Foto: Borralho Ndomba/DW
Adiamento das autárquicas
Na primeira reunião do Conselho da República depois das eleições de 2017, João Lourenço levou a proposta aos conselheiros: realizar as primeiras eleições autárquicas do país em 2020. Mas tal não aconteceu e não existe, até então, previsão de uma data. Os motivos alegados vão desde a Covid-19 à falta de conclusão do Pacote Legislativo Autárquico. Analistas falam em falta de vontade política.
Foto: António Domingos/DW
Desemprego
A criação de 500 mil postos de trabalho foi uma das promessas eleitorais de JLo em 2017 e os angolanos não se esquecem disso.

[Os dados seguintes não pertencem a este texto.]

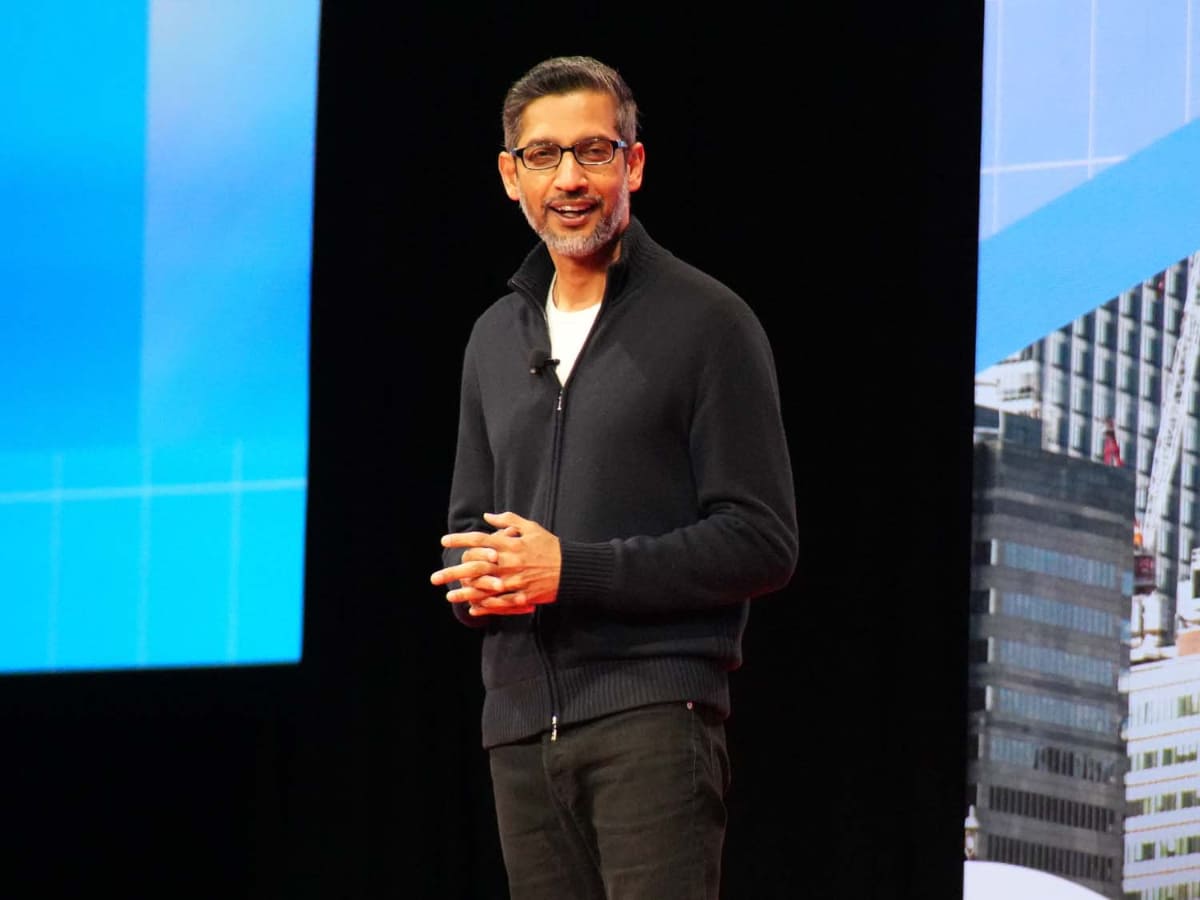 NRFで講演する米Google CEOのSundar Pichai氏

Apesar da aprovação, em abril de 2019, do Plano de Ação para Promoção da Empregabilidade, com um fundo de 58 milhões de euros, os números do desemprego no país geram descontentamento no povo que sai às ruas para exigir mais oportunidades e melhores condições de vida.
Foto: DW/M. Luamba
Envolvimento no caso "Dívidas Ocultas"
O Presidente viu o seu nome associado ao escândalo das "Dívidas Ocultas" de Moçambique pela EXX Africa. A consultora denunciou a alegada ligação entre a empresa Privinvest e o Governo de Angola quando João Lourenço era ministro da Defesa. O Ministério da Defesa de Angola terá feito um contrato de 495 milhões de euros para comprar barcos e capacidade de construção marítima à Privinvest.
Foto: Privinvest
"Exonerador implacável"
Na sua "cruzada contra a corrupção", João Lourenço ficou conhecido como o "exonerador implacável". Logo no primeiro de cinco anos de mandato, 2017, afastou governantes, chefias militares, gestores de empresas públicas e antigas figuras associadas ao anterior regime de José Eduardo dos Santos. Isabel dos Santos e José Filomeno dos Santos, filhos do antigo Presidente, foram dois dos muitos visados.